[Records from a data source]
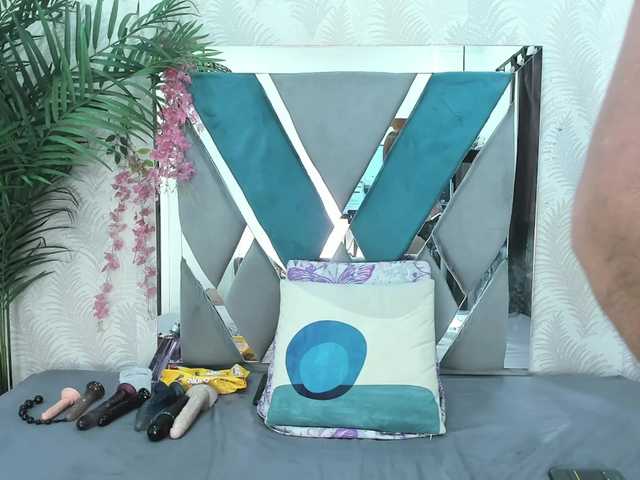 ArianaDiosa from BongaCams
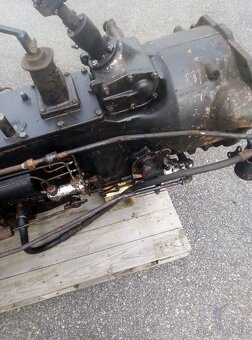 Podvozek Zetor 7745 Převodovka rozvodovka portály - 4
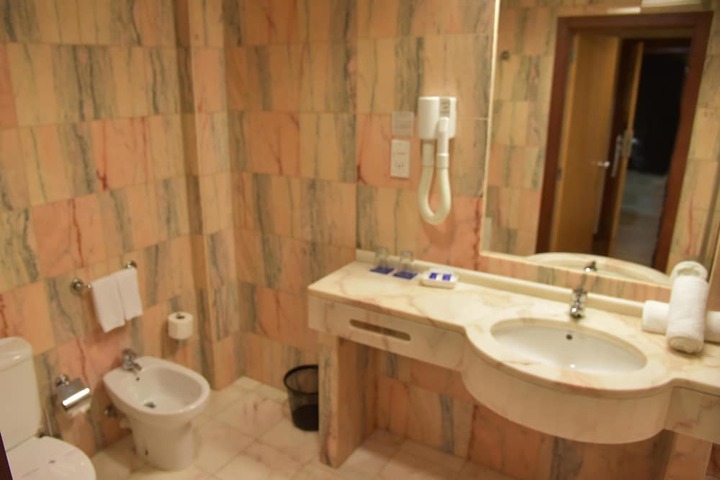 Clean Restrooms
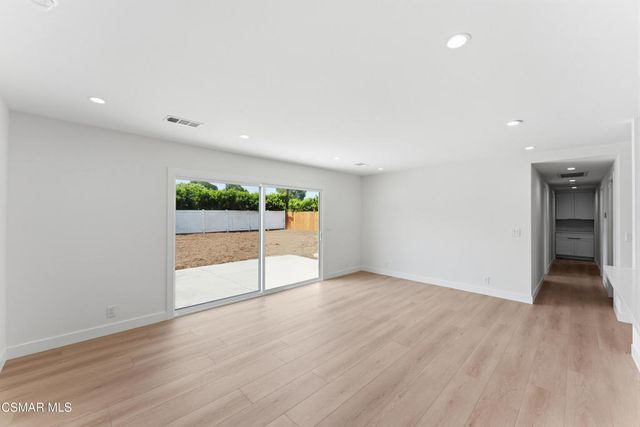 1554 Ahart Street, Simi Valley, CA 93065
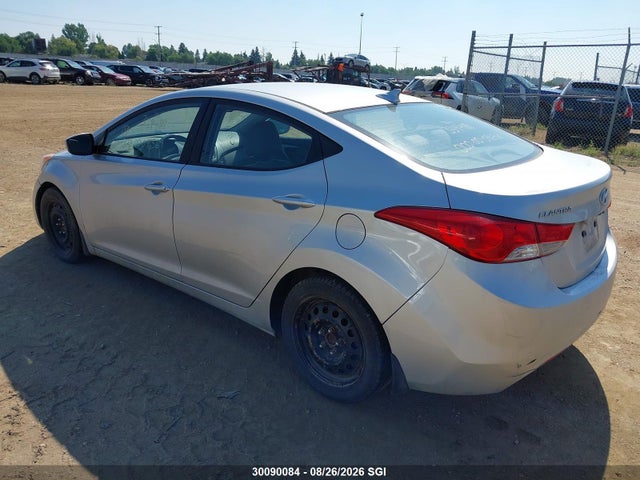 30090084 :رقم المزاد ، 5NPDH4AE0DH339488 vin ، 2013 Hyundai Elantra Gls/limited مزاد بيع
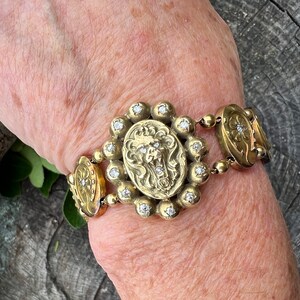 Victoriaanse armband, armband leeuw, armband madeliefje, antieke leeuw armband, armband bloemen, dierensieraden afbeelding 9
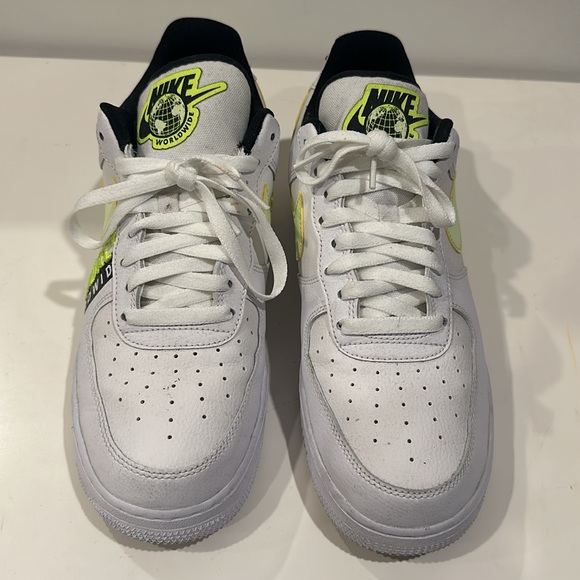 Nike sneakers - Picture 2 of 5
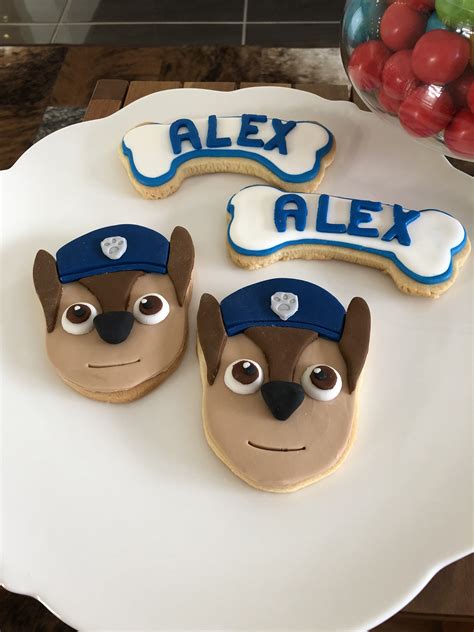 Paw Patrol Royal Icing And Fondant Cookies Fondant Cookies Desserts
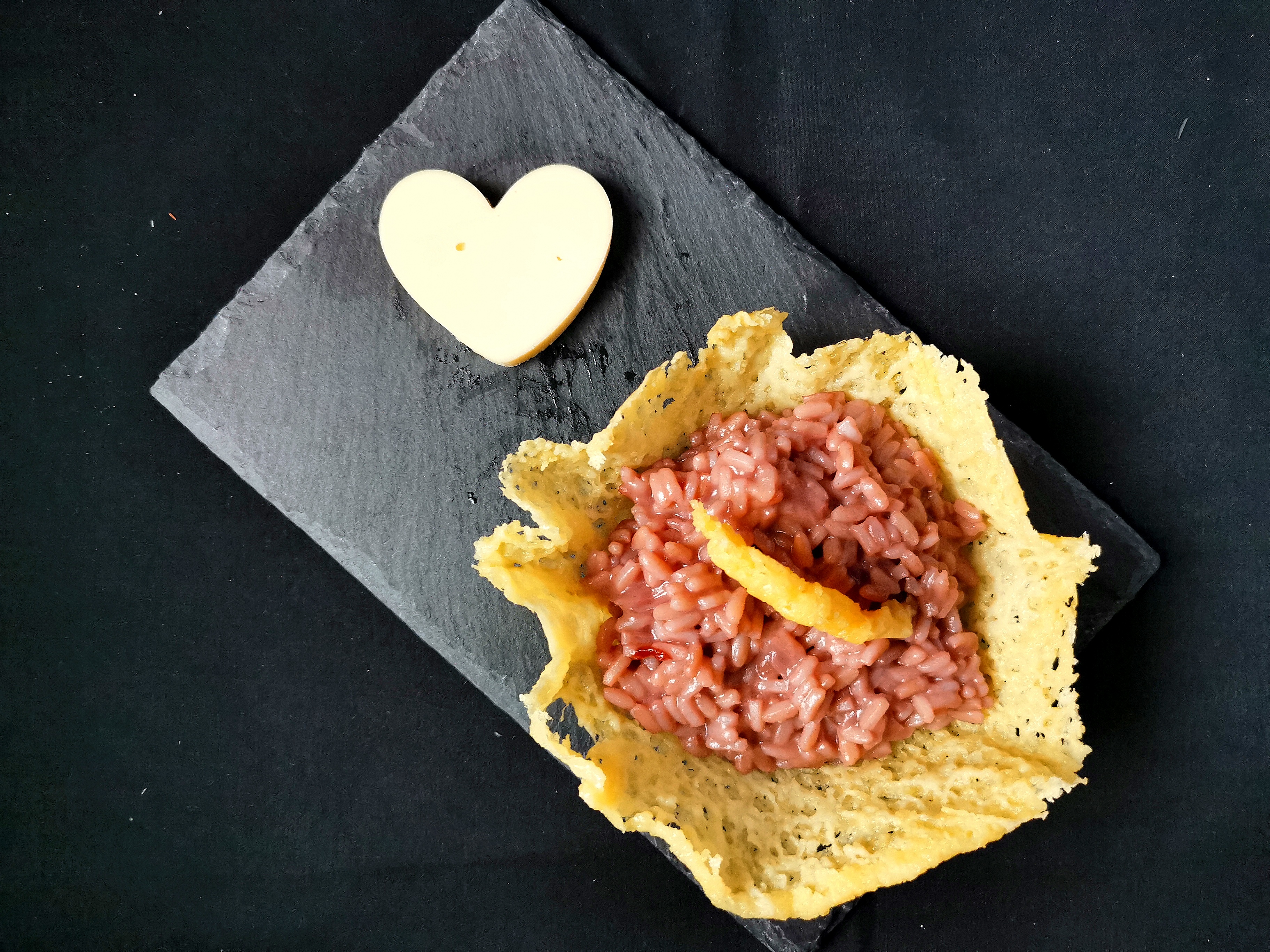 Cestino di provolone valpadana con risotto all’aglianico del vulture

Exercise directions ▸ Output every record above exactly as written, but skip the pictures.

Solution below ▸
 ArianaDiosa from BongaCams
 Podvozek Zetor 7745 Převodovka rozvodovka portály - 4
 Clean Restrooms
 1554 Ahart Street, Simi Valley, CA 93065
 30090084 :رقم المزاد ، 5NPDH4AE0DH339488 vin ، 2013 Hyundai Elantra Gls/limited مزاد بيع
 Victoriaanse armband, armband leeuw, armband madeliefje, antieke leeuw armband, armband bloemen, dierensieraden afbeelding 9
 Nike sneakers - Picture 2 of 5
 Paw Patrol Royal Icing And Fondant Cookies Fondant Cookies Desserts
 Cestino di provolone valpadana con risotto all’aglianico del vulture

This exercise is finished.